Zoning in hornblende as a key to petrologic evolution of sub-volcanic granitic plutons

Abstract:

The late stage of the Late Jurassic English Peak pluton is inwardly-zoned from tonalite to granite with magnesiohornblende and biotite as principal mafic phases. The late stage is subdivided into three inward-younging units: border, Yellow Jacket Ridge (YJR), and interior Chimney Rock (CR) units. Contacts are gradational and bulk-rock data support either batch-wise emplacement or inward differentiation.

Hornblende (hbl) has olive-brown cores surrounded and embayed by green rims. Al2O3 and TiO2 decrease (9.0–4.5 and 2.5–0.5 wt%, respectively) and MgO increases (10–14 wt%) from cores to rims, with a distinct gap at ~1.5% TiO2, corresponding to the core-rim boundary. Al-in-hbl barometry suggests core crystallization at ~4.2 kbar and rim growth at ~2.4 kbar, probably in a sub-volcanic reservoir.

Most trace element abundances decrease from cores to rims, with Sr, Ba, Hf, and Cr showing linear variation with Zr, with a distinct gap at ~1.5% TiO2 (50-55 ppm Zr). Nb is ~ constant within olive-brown cores and decreases in green rims. In contrast, most 3+ cations (Sc, V, Y, REE) show initial rim-ward decrease, but reach constant values at ~80 ppm Zr, within olive-brown cores. At the core-rim transition in YJR and CR hbl, these elements then increase in abundance. Zoning patterns of hbl from each unit are distinct in terms of Sc, Y, Mn, and REE; each late-stage magma evolved separately, even if they shared a common source.
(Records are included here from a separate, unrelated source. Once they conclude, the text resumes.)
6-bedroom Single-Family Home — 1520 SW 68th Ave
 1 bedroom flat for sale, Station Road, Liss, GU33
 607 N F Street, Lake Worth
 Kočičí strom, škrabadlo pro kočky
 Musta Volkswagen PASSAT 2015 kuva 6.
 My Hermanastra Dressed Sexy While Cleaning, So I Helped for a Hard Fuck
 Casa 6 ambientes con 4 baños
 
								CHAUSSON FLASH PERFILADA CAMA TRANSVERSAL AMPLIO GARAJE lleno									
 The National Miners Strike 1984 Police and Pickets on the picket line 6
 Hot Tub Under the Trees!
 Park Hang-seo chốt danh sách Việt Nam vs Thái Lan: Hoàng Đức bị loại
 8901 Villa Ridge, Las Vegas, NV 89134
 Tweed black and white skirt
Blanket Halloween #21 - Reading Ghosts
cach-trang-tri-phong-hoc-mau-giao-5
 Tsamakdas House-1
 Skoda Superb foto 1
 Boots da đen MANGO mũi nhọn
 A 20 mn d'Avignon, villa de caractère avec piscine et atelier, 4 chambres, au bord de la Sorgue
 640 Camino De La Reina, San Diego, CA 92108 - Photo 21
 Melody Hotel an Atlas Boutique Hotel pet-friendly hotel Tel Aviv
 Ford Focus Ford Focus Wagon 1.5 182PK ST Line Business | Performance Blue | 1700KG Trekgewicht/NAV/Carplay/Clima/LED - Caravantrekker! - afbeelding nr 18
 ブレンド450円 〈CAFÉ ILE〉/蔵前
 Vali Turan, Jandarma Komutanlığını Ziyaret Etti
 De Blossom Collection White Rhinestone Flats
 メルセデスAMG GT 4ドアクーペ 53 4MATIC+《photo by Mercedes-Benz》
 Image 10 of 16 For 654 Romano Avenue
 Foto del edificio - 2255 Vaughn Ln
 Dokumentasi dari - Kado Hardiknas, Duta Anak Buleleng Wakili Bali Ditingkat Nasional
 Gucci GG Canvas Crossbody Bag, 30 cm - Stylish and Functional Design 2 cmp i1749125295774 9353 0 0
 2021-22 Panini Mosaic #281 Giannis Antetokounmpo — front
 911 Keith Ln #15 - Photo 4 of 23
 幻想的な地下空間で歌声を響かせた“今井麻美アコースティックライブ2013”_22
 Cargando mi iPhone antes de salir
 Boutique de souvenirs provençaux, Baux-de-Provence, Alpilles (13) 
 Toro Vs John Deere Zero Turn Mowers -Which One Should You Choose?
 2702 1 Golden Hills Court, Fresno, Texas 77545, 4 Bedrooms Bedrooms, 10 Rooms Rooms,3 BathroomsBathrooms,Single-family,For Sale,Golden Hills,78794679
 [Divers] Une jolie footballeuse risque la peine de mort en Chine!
Trace element modeling using a narrow range of bulk D and hbl/melt d values indicate fractional crystallization explains near-linear core–rim decreases in most trace elements. Bulk partition coefficients were constant or increased sympathetically. Slope changes at ~80 ppm Zr can be modeled as increases in hbl/melt partition coefficients as T decreased. This change occurs within the core zones, presumably prior to rise to the level of emplacement. The abrupt increases in 3+ cation abundances in green rims can be modeled as the result of core resorption accompanied by overgrowth of green rims.

The three late-stage units represent distinct magma pulses into a shallow crustal reservoir, potentially from a common, mid-crustal reservoir. The pluton is likely to have fed a composite volcano with multiple dacitic/rhyodacitic domes fed from the shallow reservoir.